Fonte: Le Monde Diplomatique Brasil
Data original da publicação: 04/11/2015

Há quase dez anos somos reféns de dois acontecimentos transformadores. O primeiro é a existência de Wall Street; o segundo, do Vale do Silício. Um e outro se completam maravilhosamente no papel do policial bom e do mau: Wall Street prega a penúria e a austeridade; o Vale do Silício exalta a abundância e a inovação.

Primeiro acontecimento transformador: a crise financeira mundial, que culminou no salvamento do sistema bancário, deixou o Estado social em ruínas. Os serviços públicos que sobreviveram aos cortes orçamentários tiveram de aumentar suas tarifas ou se viram obrigados a experimentar novas táticas de sobrevivência. Algumas instituições culturais precisaram então, por falta de alternativa, apelar para a generosidade dos particulares, recorrendo ao financiamento participativo: já que as subvenções públicas desapareceram, elas não tinham outra escolha, entre o populismo de mercado e a morte.
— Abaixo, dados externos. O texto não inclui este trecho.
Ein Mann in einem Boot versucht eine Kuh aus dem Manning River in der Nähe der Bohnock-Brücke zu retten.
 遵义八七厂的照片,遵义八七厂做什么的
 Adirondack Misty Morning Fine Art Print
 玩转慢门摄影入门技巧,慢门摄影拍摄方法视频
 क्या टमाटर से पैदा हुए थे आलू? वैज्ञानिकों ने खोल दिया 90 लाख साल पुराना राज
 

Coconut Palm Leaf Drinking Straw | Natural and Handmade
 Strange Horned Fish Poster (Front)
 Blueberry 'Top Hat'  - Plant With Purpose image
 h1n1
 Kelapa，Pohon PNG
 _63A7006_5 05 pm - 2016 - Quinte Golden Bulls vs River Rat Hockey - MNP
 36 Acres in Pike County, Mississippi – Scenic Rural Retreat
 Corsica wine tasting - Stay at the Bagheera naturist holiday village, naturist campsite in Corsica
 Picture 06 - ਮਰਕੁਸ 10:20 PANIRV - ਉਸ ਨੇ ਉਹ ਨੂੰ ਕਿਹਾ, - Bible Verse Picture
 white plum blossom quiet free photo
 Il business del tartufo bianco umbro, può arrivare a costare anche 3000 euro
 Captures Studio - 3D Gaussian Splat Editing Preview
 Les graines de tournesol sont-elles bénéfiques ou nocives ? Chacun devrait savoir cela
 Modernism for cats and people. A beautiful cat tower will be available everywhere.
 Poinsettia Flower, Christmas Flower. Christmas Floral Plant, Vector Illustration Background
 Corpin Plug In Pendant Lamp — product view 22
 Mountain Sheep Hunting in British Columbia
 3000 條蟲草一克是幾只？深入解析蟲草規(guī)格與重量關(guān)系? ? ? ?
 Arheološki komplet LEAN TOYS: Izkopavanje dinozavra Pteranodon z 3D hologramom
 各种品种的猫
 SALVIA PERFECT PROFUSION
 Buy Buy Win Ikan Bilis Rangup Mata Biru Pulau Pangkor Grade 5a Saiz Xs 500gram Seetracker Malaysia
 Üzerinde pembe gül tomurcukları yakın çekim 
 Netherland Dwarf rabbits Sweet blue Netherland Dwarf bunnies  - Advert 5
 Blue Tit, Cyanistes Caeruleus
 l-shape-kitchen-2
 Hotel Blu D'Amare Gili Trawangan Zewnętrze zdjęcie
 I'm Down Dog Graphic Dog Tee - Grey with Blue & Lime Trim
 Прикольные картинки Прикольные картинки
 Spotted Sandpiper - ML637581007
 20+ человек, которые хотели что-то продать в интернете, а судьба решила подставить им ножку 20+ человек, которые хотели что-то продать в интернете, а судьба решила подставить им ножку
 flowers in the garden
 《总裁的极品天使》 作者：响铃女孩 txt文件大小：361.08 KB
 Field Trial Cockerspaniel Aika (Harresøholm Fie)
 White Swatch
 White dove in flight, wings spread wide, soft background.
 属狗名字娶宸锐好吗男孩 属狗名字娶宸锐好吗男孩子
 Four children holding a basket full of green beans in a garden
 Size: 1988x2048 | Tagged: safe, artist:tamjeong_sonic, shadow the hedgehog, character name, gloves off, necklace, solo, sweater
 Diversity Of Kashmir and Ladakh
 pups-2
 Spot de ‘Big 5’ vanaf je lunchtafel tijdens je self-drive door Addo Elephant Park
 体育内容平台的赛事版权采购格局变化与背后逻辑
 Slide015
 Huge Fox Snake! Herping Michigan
O segundo acontecimento transformador, ao contrário, é muito evidente. No caso, quando se trata de digitalizar e conectar tudo à internet – fenômeno perfeitamente normal, se acreditarmos nos investidores capitalistas –, as instituições devem escolher entre a inovação ou a morte. O Vale do Silício garante que a magia da tecnologia vai naturalmente se infiltrar no menor recanto de nossa vida. Se acreditamos nisso, nos opormos à inovação seria o mesmo que renunciar aos ideais do Iluminismo: os dirigentes do Google e do Facebook, Larry Page e Mark Zuckerberg, seriam os Diderots e Voltaires de nosso tempo.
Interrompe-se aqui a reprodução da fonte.